● **Task details**:
Transcribe only the lines in the data below falling between the line with "36 San Sebastian Road, Santa Fe, NM 87505" and the line with "Peluche delfín", including those two lines, and leave out any picture.

-- Data excerpts follows --

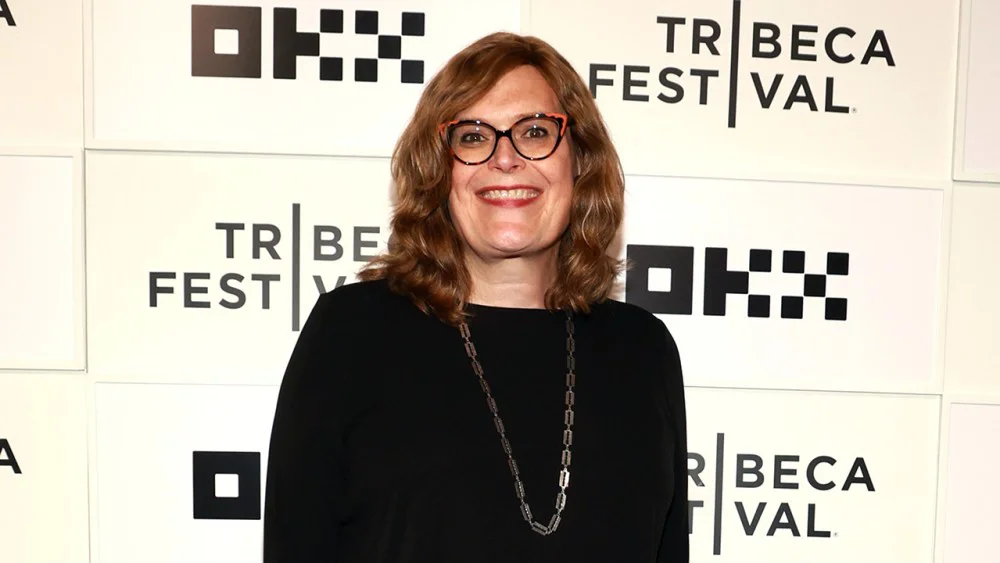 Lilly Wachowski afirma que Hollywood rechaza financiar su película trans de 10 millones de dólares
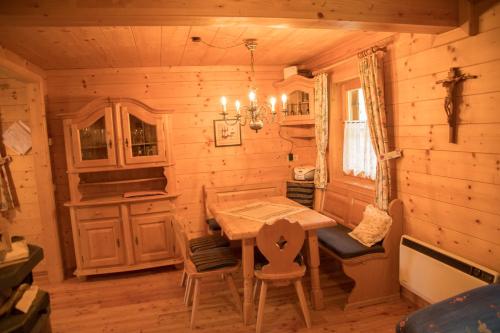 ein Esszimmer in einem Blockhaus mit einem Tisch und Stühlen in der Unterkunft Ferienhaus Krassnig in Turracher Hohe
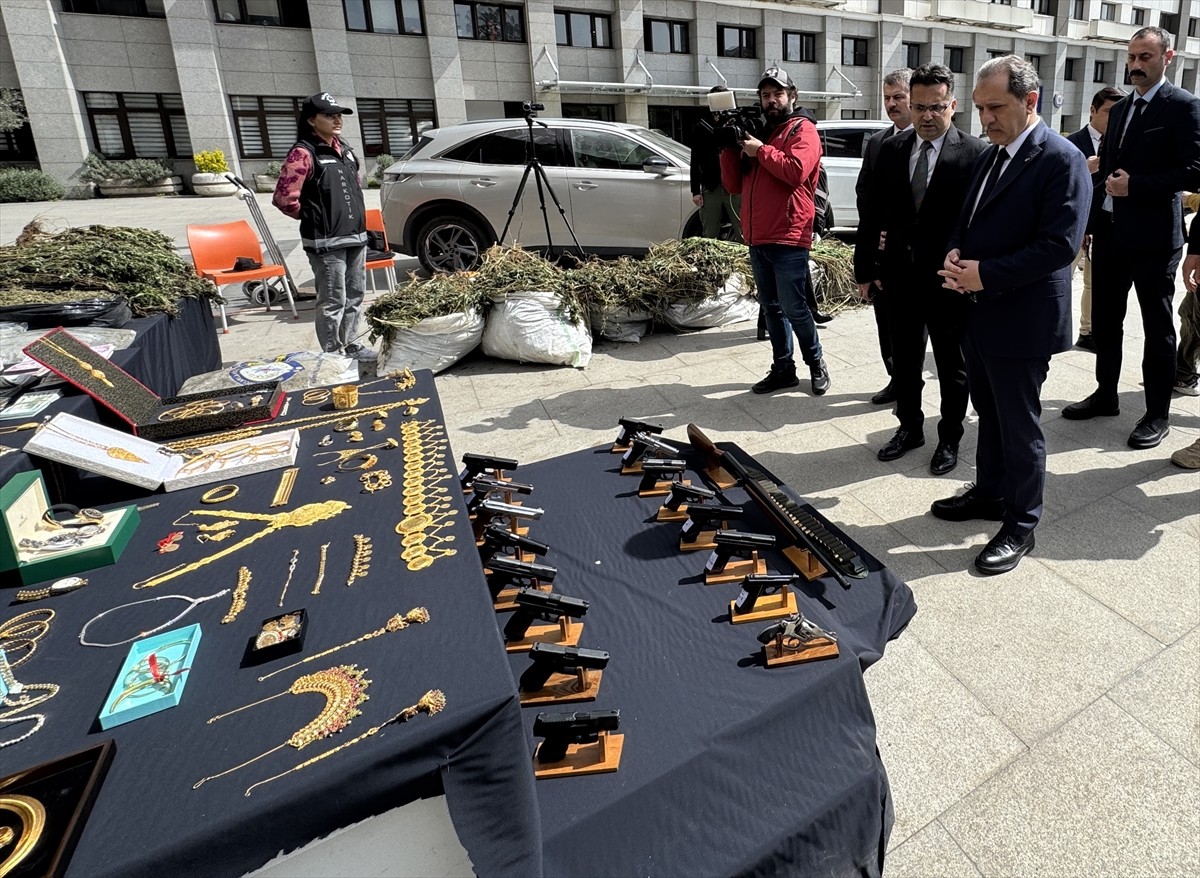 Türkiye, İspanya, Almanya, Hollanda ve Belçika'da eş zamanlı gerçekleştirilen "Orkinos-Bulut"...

-- Data excerpts concluded --
-- Data excerpts follows --

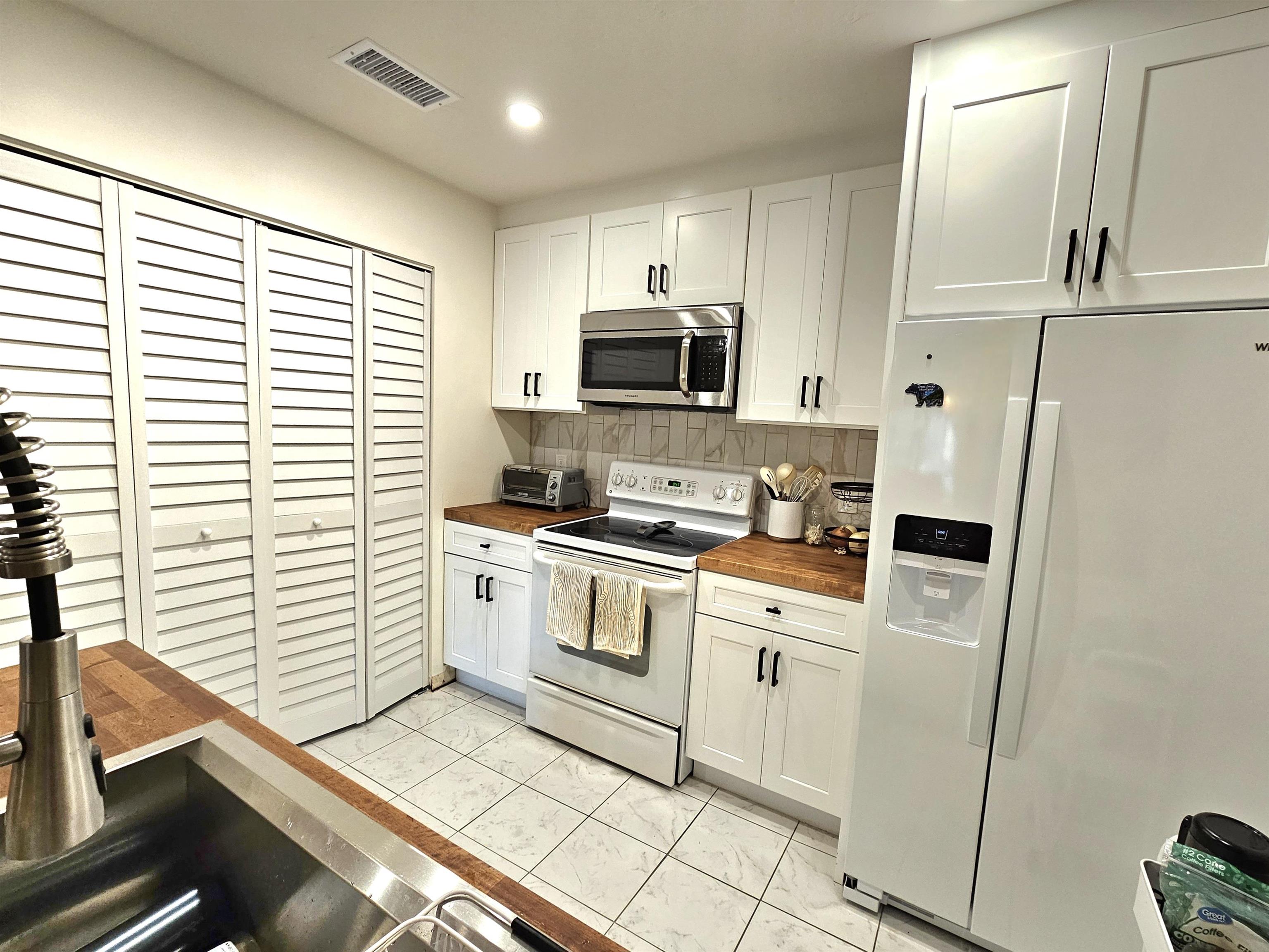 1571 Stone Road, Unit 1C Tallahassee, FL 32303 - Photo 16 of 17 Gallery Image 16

-- Data excerpts concluded --
-- Data excerpts follows --

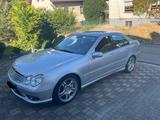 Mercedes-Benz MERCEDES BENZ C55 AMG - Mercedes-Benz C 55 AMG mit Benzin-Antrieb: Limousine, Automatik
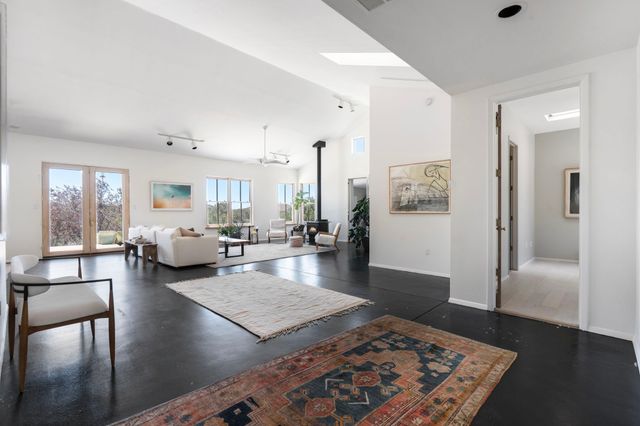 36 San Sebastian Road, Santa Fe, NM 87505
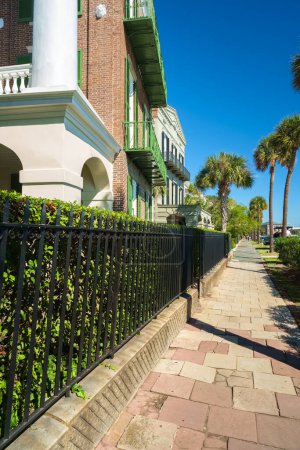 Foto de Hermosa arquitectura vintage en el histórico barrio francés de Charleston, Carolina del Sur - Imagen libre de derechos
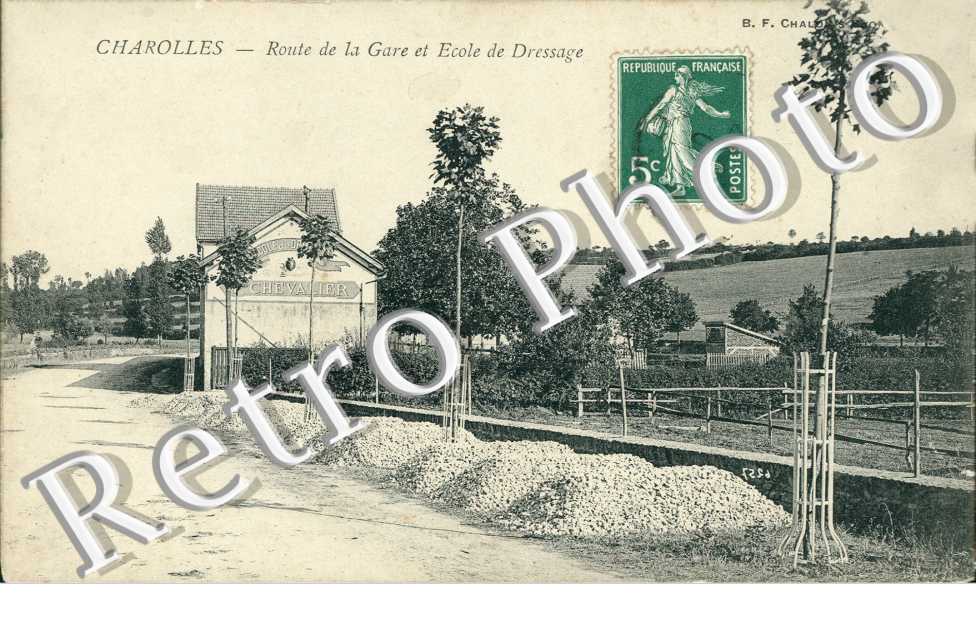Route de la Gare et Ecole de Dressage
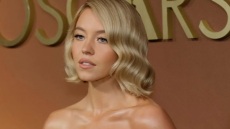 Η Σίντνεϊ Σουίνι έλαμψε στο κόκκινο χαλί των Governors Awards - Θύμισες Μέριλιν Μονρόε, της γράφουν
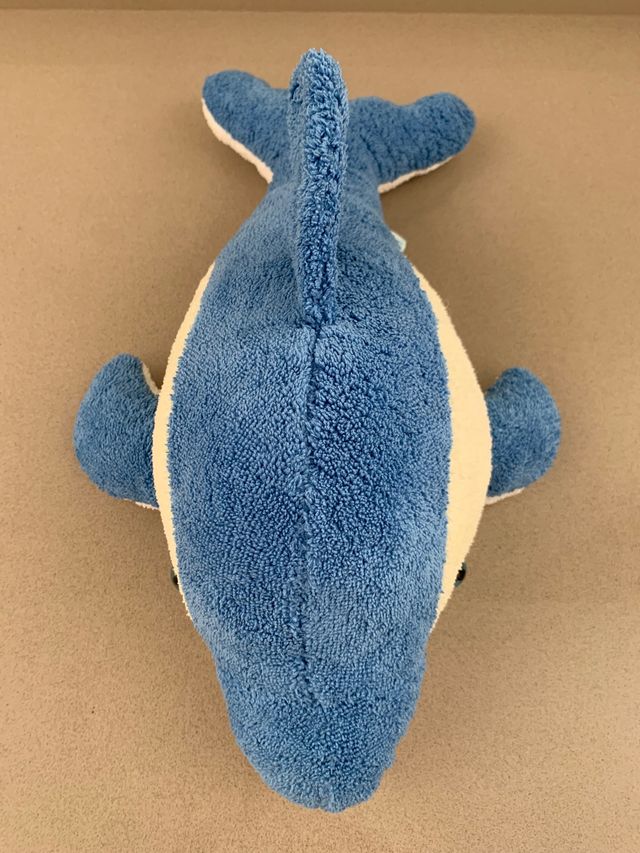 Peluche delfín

-- Data excerpts concluded --

● **Exercise response**:
 36 San Sebastian Road, Santa Fe, NM 87505
 Foto de Hermosa arquitectura vintage en el histórico barrio francés de Charleston, Carolina del Sur - Imagen libre de derechos
Route de la Gare et Ecole de Dressage
 Η Σίντνεϊ Σουίνι έλαμψε στο κόκκινο χαλί των Governors Awards - Θύμισες Μέριλιν Μονρόε, της γράφουν
 Peluche delfín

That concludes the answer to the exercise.